0todd0000/spm1d

Unbalanced designs

Closed this issue · 13 comments

Hi Todd,

I have a question on unbalanced designs. I think part of the answer has been posted on a previous issue (#43). I plan to use 2 different stats. A 2 way ANOVA with one within and one between subject factor. An a random effects model.

Can I impute a data set where there is unbalance design? For example in a data set of ankle plantar flexion moment, I have 30 subjects, and each subject has a varying number of good trials (3-10). Does the two aforementioned tests receive unbalanced datasets? I couldn't find the answers on the spm1d website.

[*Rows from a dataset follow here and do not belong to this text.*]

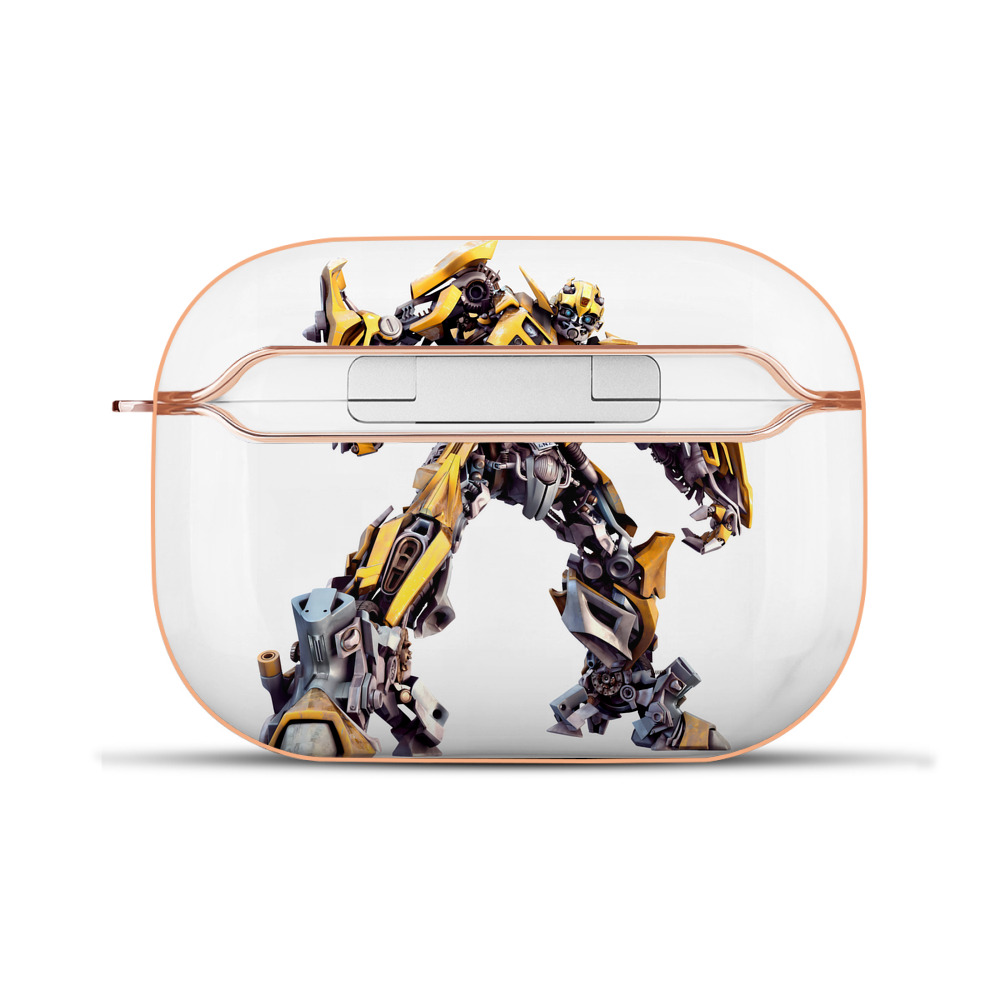 （画像用） Transformers トランスフォーマー 【AirPods Pro用】ハードシェル保護ケース｜耐衝撃・防指紋・カラビナ付き商品仕様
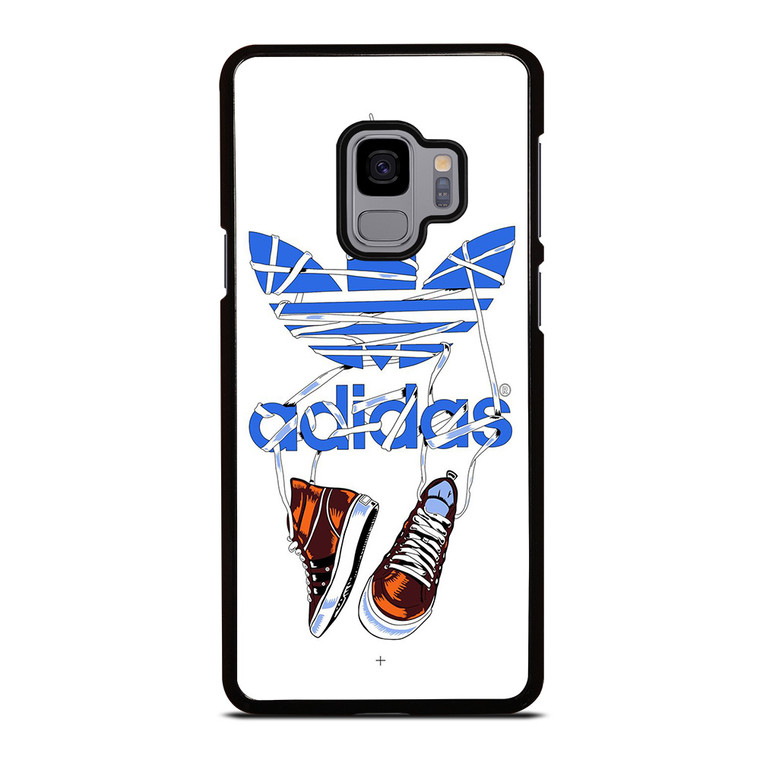 ADIDAS LOGO SHOES ICON Samsung Galaxy S9 Case Cover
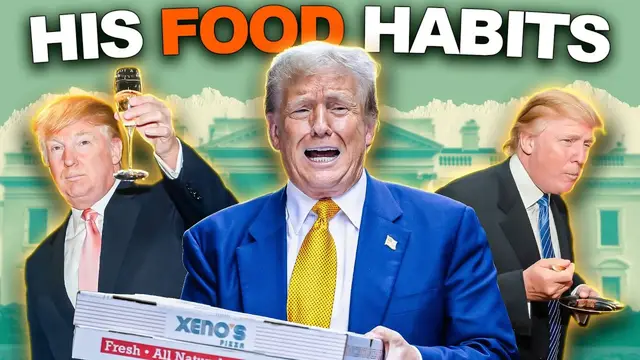 Video thumbnail for Donald Trump's Eating Habits Are Really Weird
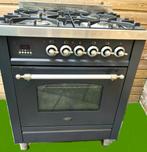 Boretti gasfornuis 70cm breed, Elektronische apparatuur, Fornuizen, Ophalen, Gebruikt, 60 cm of meer, 4 kookzones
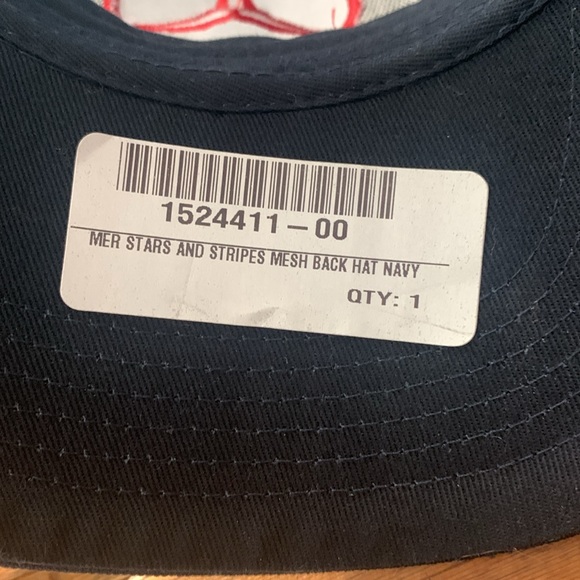 Mercedes Benz Stars and Stripes Mesh Cap - Picture 3 of 5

Many thanks.

Regards,
Bernard

Hi Bernard,

Thank you for raising this issue. spm1d's procedures have only been validated for balanced designs, so please either use only means or use the same number of trials for each subject. If the design is unbalanced the F statistics may be incorrect. For balanced designs the same F statistic will be produced regardless of whether you use means or all trials.

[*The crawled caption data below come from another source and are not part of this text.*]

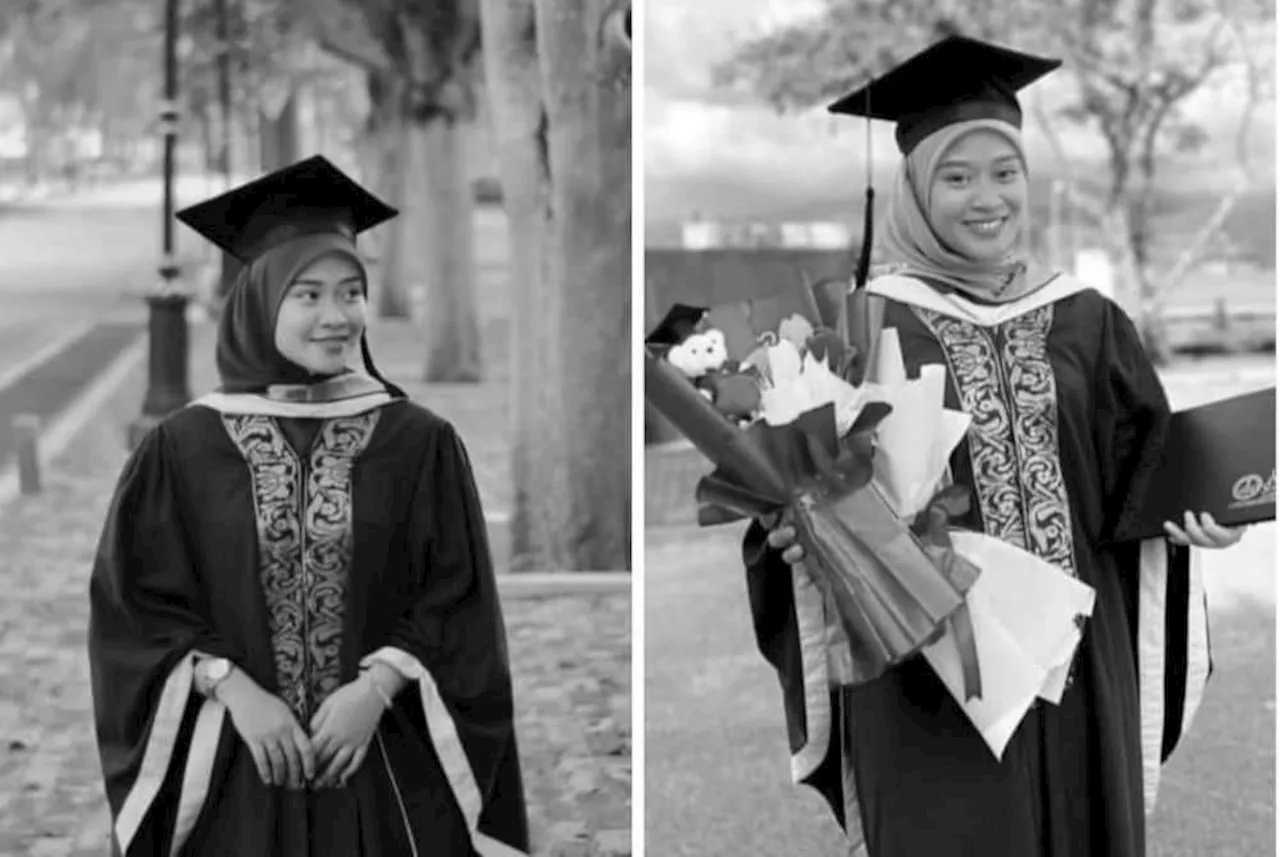 Late Nur Farah Kartini a bright student with 4.0 GPA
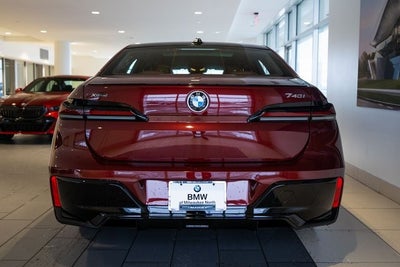 2026 BMW 7 Series 740i xDrive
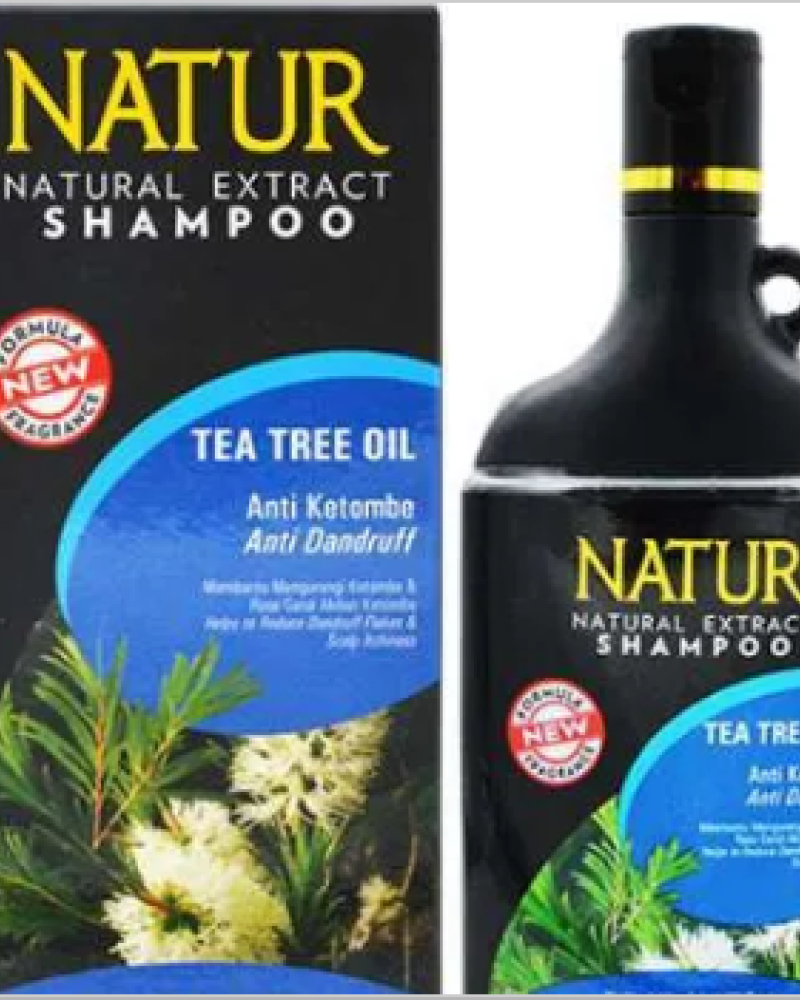 NATUR SHAMPOO TEA TREE OIL 茶樹油洗髮精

I thought there was something written in the ANOVA documentation at spm1d.org about balanced vs. unbalanced designs, but it doesn't seem to be there. Also I just realized that design balance checks do not seem to be working in spm1d 0.4; the software should raise an error or at least a warning if the design is not balanced. I'll need to find out what the problem is, so give me a day or two to post documents to spm1d.org and also to fix the warning / error messages.

Thanks again for raising this issue!

Todd

Hi again Bernard,

Apologies for the delay. I've checked the code and actually the design balance checks seem to be working fine in both the MATLAB and Python versions of the code. I'm not sure why I thought they weren't working before, but it seems that they're OK. In MATLAB submitting unbalanced data should raise an error that looks something like this:

Error using spm1d.stats.anova.designs.ANOVA2/check_balanced (line 43)
Design must be balanced.

Note that unbalanced data is fine for one-way ANOVA (spm1d.stats.anova1) but that all other ANOVA procedures (including one-way repeated-measures) require balanced data.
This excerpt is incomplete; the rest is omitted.